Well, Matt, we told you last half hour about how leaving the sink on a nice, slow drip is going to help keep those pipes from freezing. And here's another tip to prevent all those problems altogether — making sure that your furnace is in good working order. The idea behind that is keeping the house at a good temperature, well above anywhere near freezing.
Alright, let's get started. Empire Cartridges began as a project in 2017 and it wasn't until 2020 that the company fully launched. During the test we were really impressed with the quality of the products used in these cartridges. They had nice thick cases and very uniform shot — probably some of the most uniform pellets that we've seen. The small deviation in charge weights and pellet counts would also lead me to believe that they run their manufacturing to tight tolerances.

---

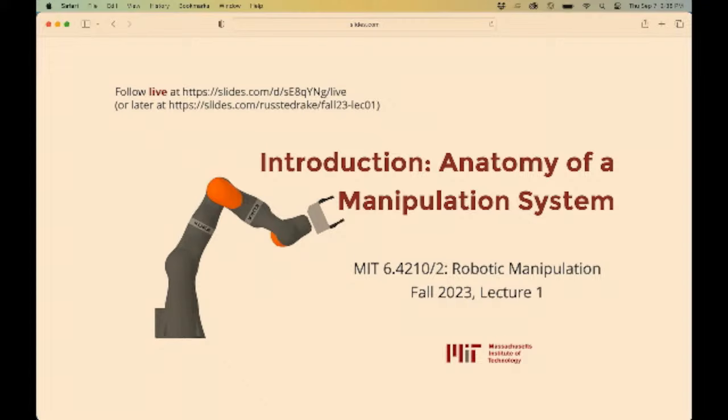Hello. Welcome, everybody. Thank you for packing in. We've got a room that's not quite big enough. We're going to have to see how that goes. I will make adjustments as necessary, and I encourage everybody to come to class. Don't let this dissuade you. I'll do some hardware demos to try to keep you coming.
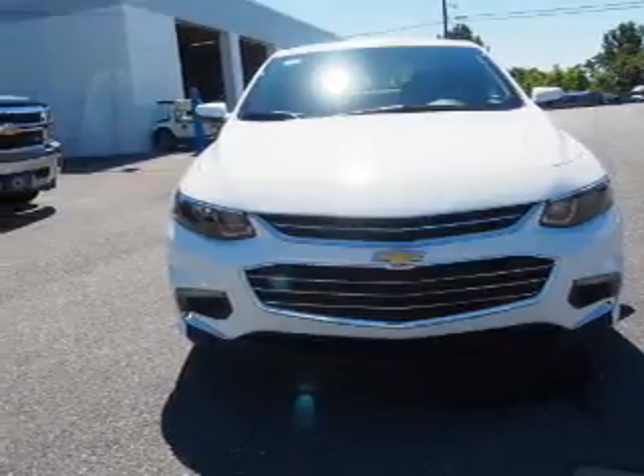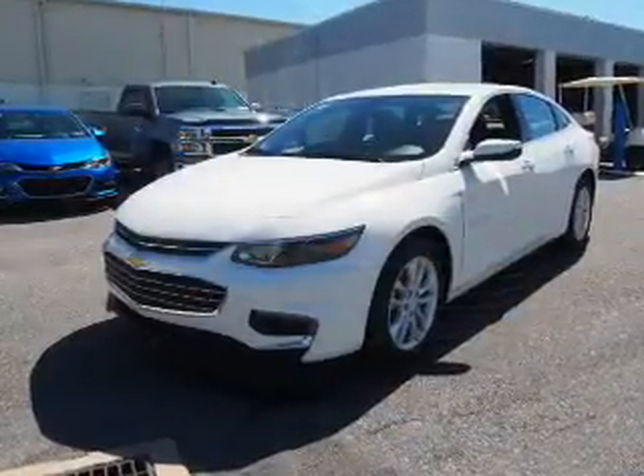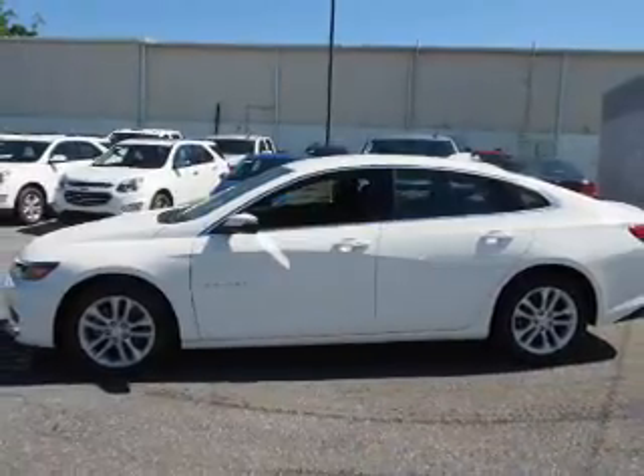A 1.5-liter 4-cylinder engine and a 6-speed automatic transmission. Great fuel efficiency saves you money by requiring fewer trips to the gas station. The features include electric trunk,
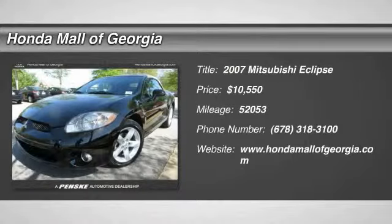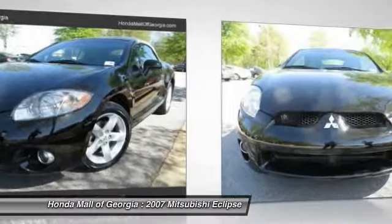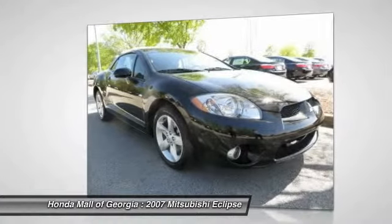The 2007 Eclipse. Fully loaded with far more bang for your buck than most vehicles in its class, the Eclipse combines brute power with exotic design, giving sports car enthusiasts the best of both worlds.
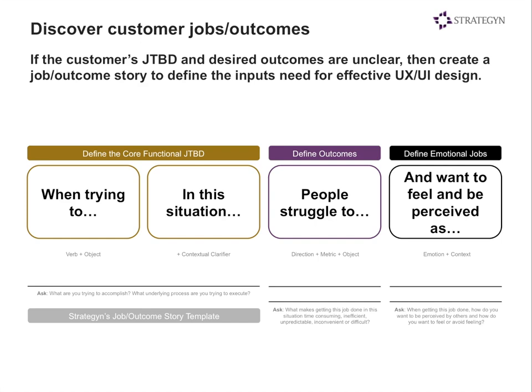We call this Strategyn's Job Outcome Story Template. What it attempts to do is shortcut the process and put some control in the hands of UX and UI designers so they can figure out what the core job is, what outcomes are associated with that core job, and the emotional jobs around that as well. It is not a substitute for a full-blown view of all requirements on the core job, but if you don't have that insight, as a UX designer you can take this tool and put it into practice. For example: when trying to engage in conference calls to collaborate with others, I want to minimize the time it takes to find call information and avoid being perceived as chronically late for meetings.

# TASK STATEMENT
In the data above, find the line containing "A 1.5-liter 4-cylinder" and the line containing "The 2007 Eclipse.". Copy exactly the stretch from the first through the second, both included, leaving out any picture.

# OUTPUT OF THE TASK
A 1.5-liter 4-cylinder engine and a 6-speed automatic transmission. Great fuel efficiency saves you money by requiring fewer trips to the gas station. The features include electric trunk,
The 2007 Eclipse. Fully loaded with far more bang for your buck than most vehicles in its class, the Eclipse combines brute power with exotic design, giving sports car enthusiasts the best of both worlds.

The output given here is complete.